Convém contar a história completa. Em 1982, os motores turbo, especialmente os da Ferrari e Renault, já eram os mais competitivos da F 1. Às equipes com motores aspirados restava torcer pela quebra dos carros turbo (ainda muito freqüentes) ou lutar pela vitória em circuitos de baixas médias horárias, em que a importância da potência era menor.
O criativo Gordon Murray, projetista e diretor-técnico da Brabham (que já estava testando e eventualmente usando os motores BMW turbo, mas ainda corria com motores Cosworth aspirados) encontrou um “furo” no regulamento. Na época, terminados os treinos e corrida, os carros tinham os reservatórios de água e óleo reenchidos e só então eram levados à balança para pesagem.
A Brabham, então, fez um carro 80 kg mais leve do que o mínimo permitido (na época, se não me engano, 580 kg) e adaptou reservatórios de água com capacidade suficiente para, quando cheio, deixar o carro dentro do limite de peso. Evidentemente, os tais reservatórios nunca correram cheios d’água: seguindo o regulamento, eles só eram enchidos após a corrida – e, na vistoria, peso do carro ficava dentro do regulamento.
Para (mal) disfarçar o real objetivo dos reservatórios, Murray adaptou um sistema que permitia borrifar a água diretamente nos discos de freio, “para resfriá-los”. Havia no cockpit um comando que acionava uma pequena bomba, dessas de esguicho de limpador de pára-brisa, apenas para mostrar que o sistema estava ali e funcionava. Williams e McLaren também instalaram suas “caixas pretas” – muito provavelmente por sugestão da própria Brabham, que pretendia ganhar mais força diante dos protestos mais que prováveis das outras equipes. Vale a pena lembrar mais um detalhe: na época, a Brabham pertencia a Bernie Ecclestone, que já era o homem forte da F 1 e presidia a FOCA ((Formula One Constructors Association, atual FOM – Formula One Management).
Ivo Sznelwar, que foi comissário técnico em vários GPs do Brasil nos anos 80, ainda se lembra: “Perguntamos ao Gordon o que era aquilo (as caixas d’água) e ele, daquele jeito dele, explicou que era um sistema de refrigeração dos freios.
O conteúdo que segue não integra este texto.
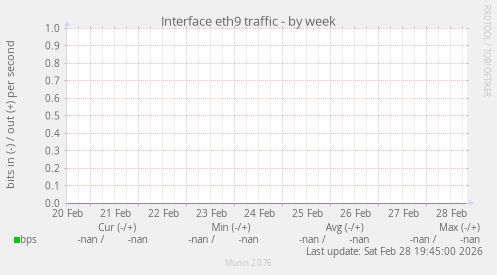 Interface eth9 traffic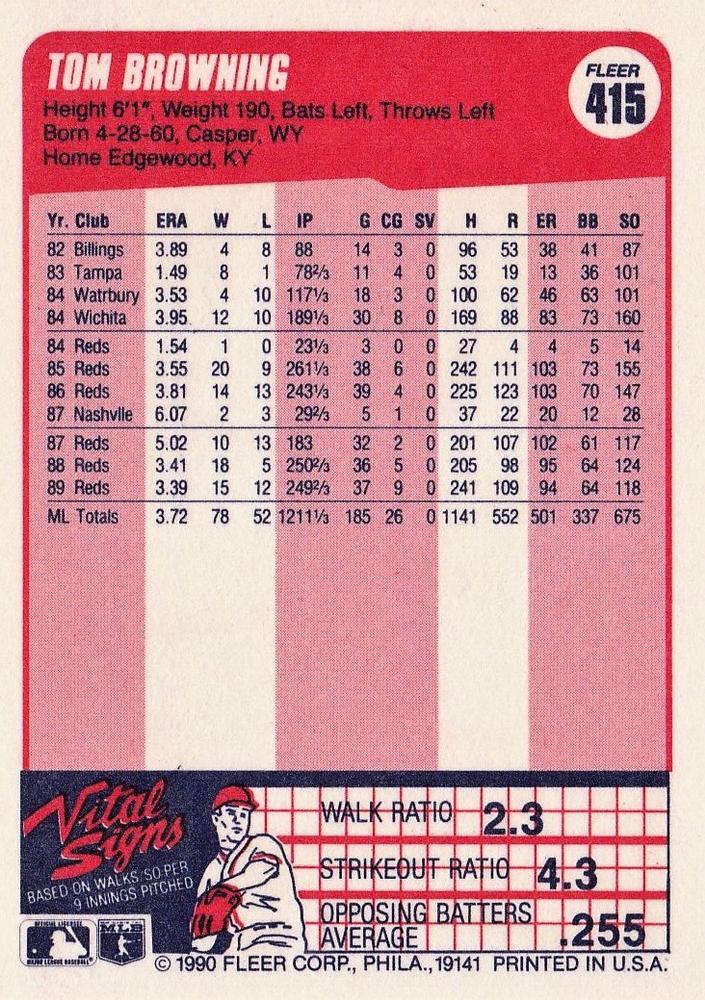 Tom Browning  baseball card collectible - Main Image 2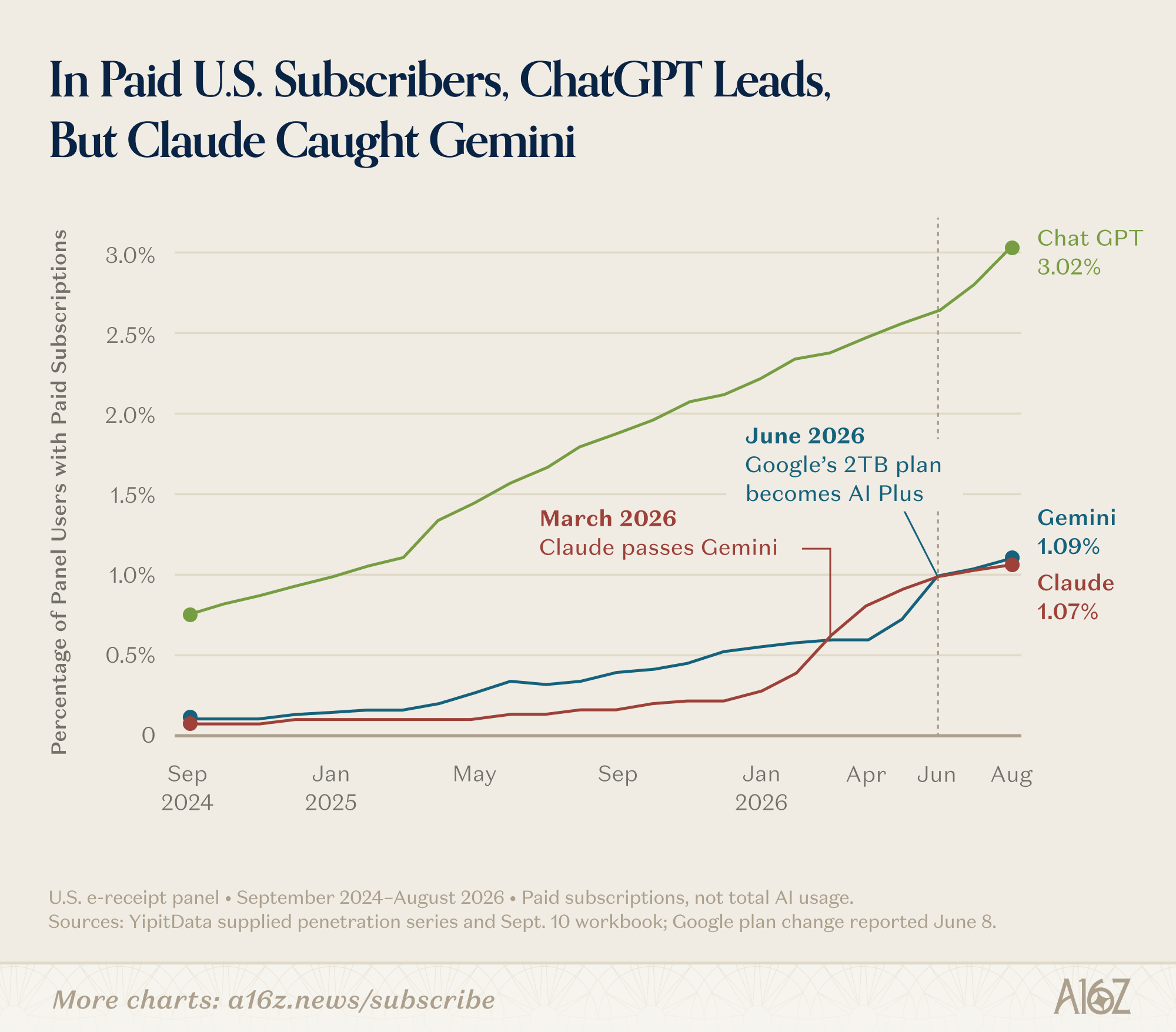 a16z chart: paid US consumer subscribers to ChatGPT, Gemini and Claude, with ChatGPT leading and Claude catching Gemini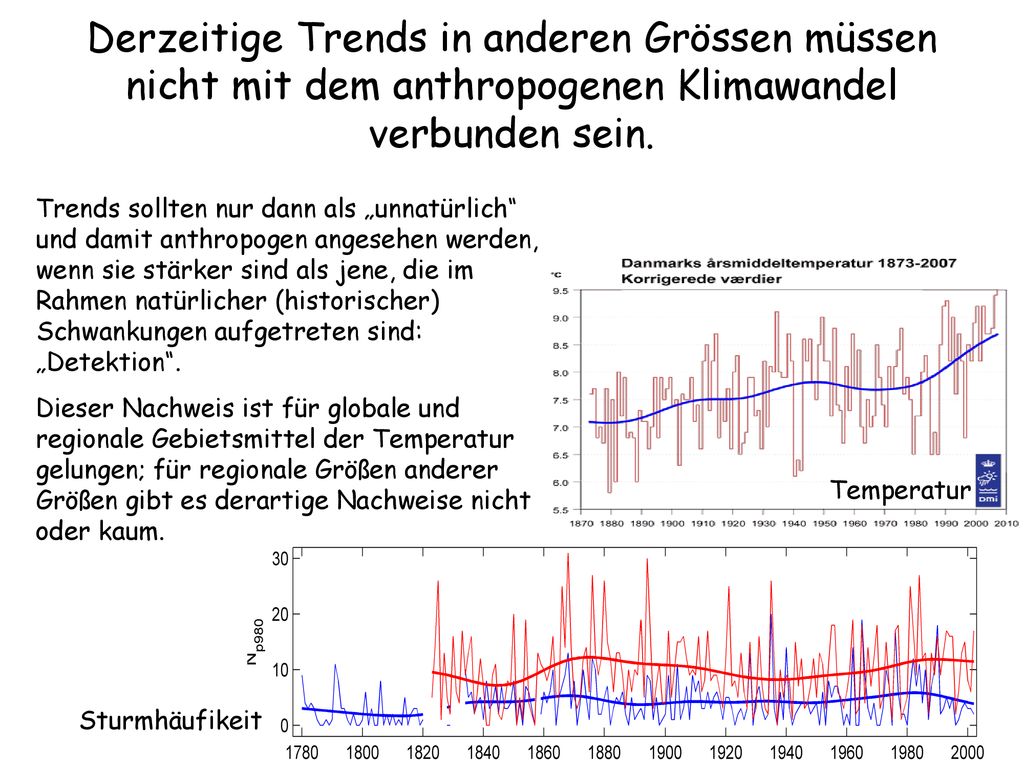 Derzeitige Trends in anderen Grössen müssen nicht mit dem anthropogenen Klimawandel verbunden sein.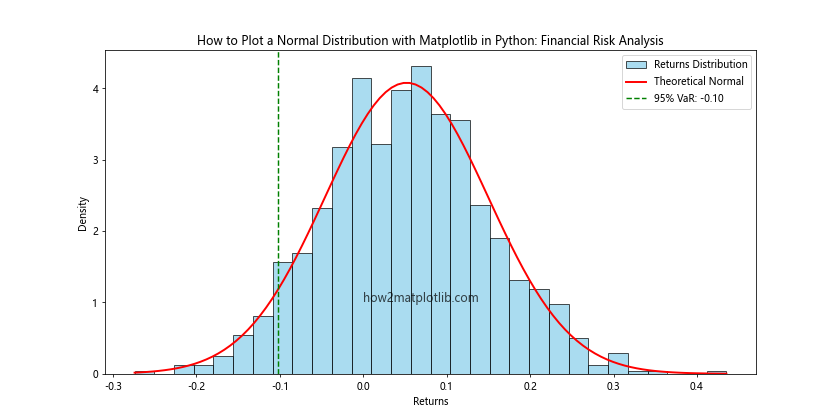 How to Plot a Normal Distribution with Matplotlib in Python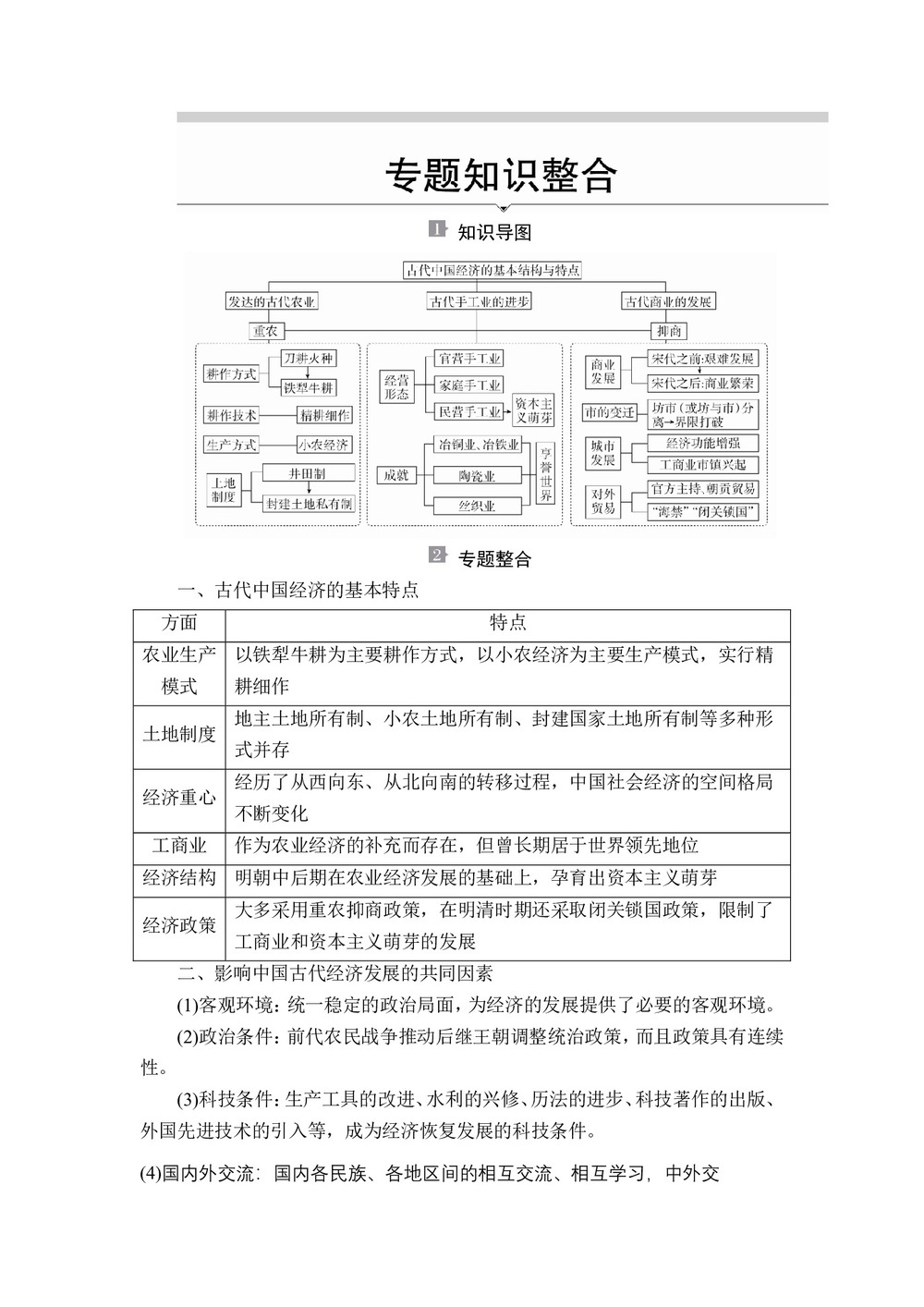 2019-2020学年人民版必修2 专题一 古代中国经济的基本结构与特点 知识整合 学案第1页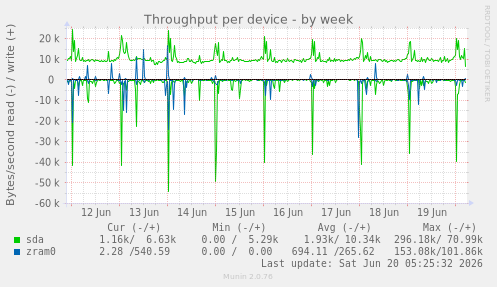 Throughput per device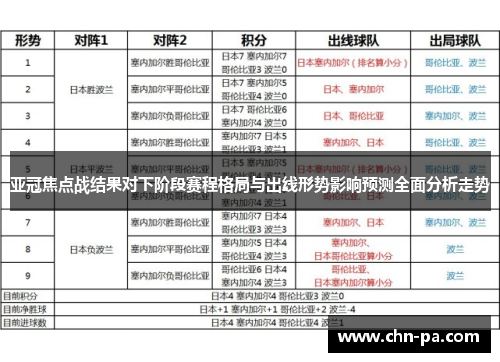 亚冠焦点战结果对下阶段赛程格局与出线形势影响预测全面分析走势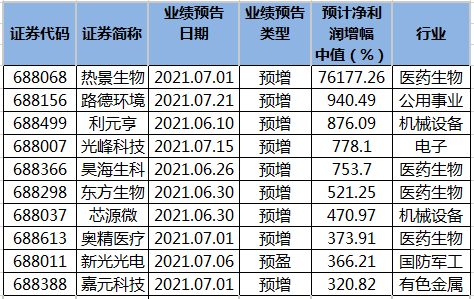 山河壮丽 第5页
E arrematou, com um sorriso malicioso: ‘Tudo dentro do regulamento!’”. Gordon Murray, para quem não sabe, tinha uma postura totalmente diferente daquela que se vê hoje em um projetista de F 1. Era roqueiro inveterado, fumava cigarros escuros, aparecia com cortes de cabelo extravagantes, usava camisetas com referências às suas bandas preferidas.
Graças às caixas pretas, o GP do Brasil de 1982 foi um dos melhores de todos os tempos. Piquet largou em 7º e foi recuperando posições até encontrar pela frente a Ferrari de Gilles Villeneuve, que liderava, e o Williams de Keke Rosberg, que era 2º. Os três disputaram a posição durante umas 15 voltas, até Villeneuve errar uma freada e bater quando tentava se defender dos ataques de Piquet. Daí em diante, o brasileiro foi embora e venceu. No pódio, exausto, desmaiou e, depois de recuperar os sentidos, estourou champanhe sentado no degrau mais alto.
Esta é a história. Agora pasmem: volta e meia leio que os carros com caixas pretas paravam no meio da corrida para encher os reservatórios ou, mais absurdo ainda, que os pilotos largavam com os reservatórios cheios e iam “despejando a água na pista para deixar o carro mais leve”. Multiplicando os 80 litros de água por seis carros (dois da Brabham, dois da Williams e dois da McLaren), pode-se imaginar que em dado momento todos os pilotos teriam que parar nos boxes e colocar pneus para pista molhada…
Na pista, tudo foi muito bonito. Nos bastidores, deu uma briga dos diabos. Renault e Ferrari protestaram junto à FIA logo nos primeiros treinos, mas não havia o que fazer: na letra da lei, os carros estavam absolutamente dentro das regras.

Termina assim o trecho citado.